■ WHAT THE TASK REQUIRES
Transcribe the listing below in full, exactly, with no images.

■ SUPPLIED MATERIAL
###

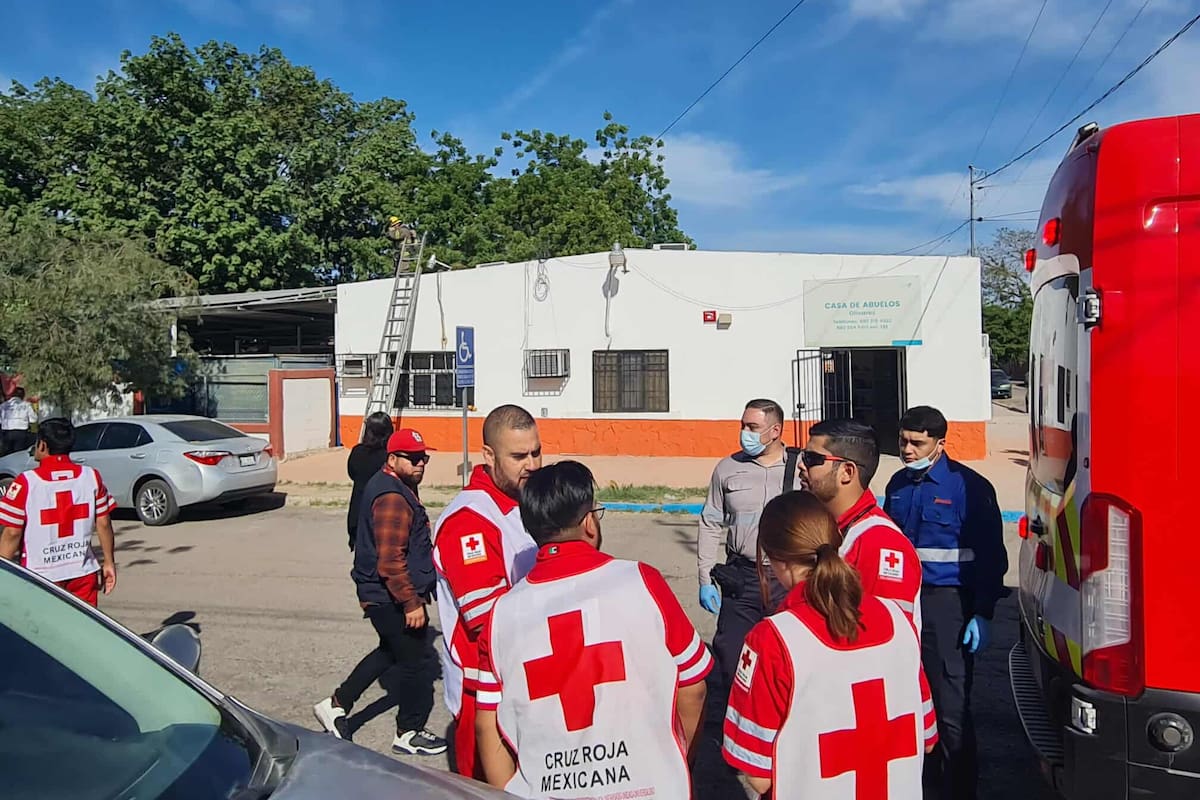 Descartan lesionados por explosión de transformador que afectó a preescolar Burbujas y la Casa de los Abuelos en Hermosillo; logran evacuar a 85 personas, entre ellos 48 niños,
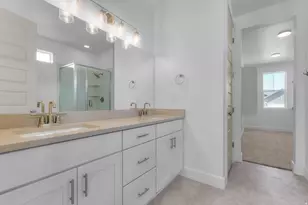 578 N Briarwood Ln, Lindon, UT 84042 - Photo 13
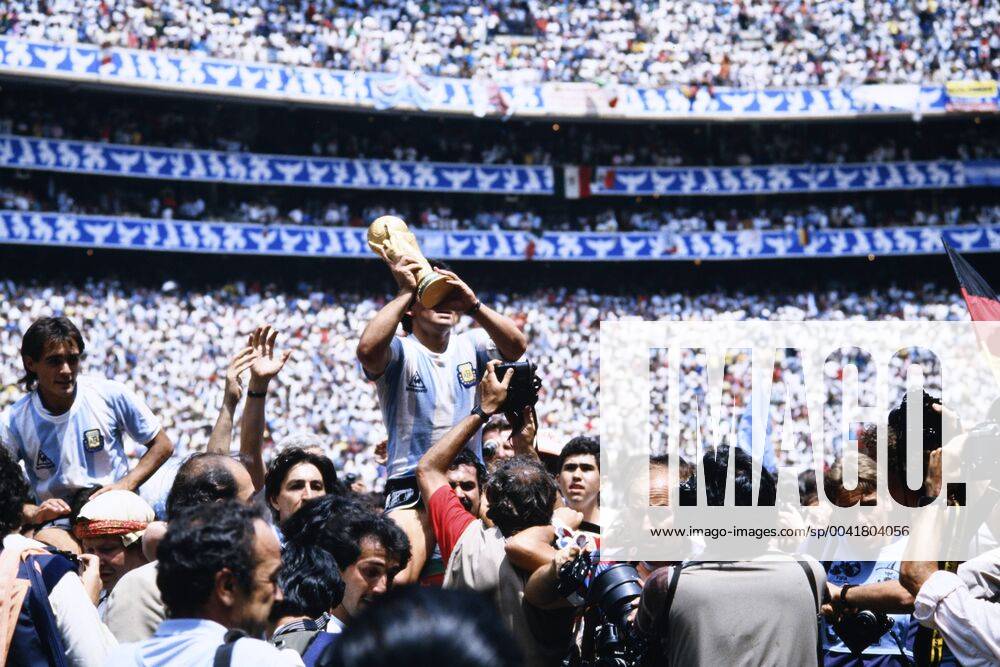 MARADONA Diego Kapitaen Team ARG with WELTCUP Cup at the award ceremony with goal scorers BURRUCHAGA Jorge Final Argentina Germany 3 2 on 29 06 1986 at the Azteca Stadium in Mexico City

###

■ SOLUTION FOR THIS PROBLEM
 Descartan lesionados por explosión de transformador que afectó a preescolar Burbujas y la Casa de los Abuelos en Hermosillo; logran evacuar a 85 personas, entre ellos 48 niños,
 578 N Briarwood Ln, Lindon, UT 84042 - Photo 13
 MARADONA Diego Kapitaen Team ARG with WELTCUP Cup at the award ceremony with goal scorers BURRUCHAGA Jorge Final Argentina Germany 3 2 on 29 06 1986 at the Azteca Stadium in Mexico City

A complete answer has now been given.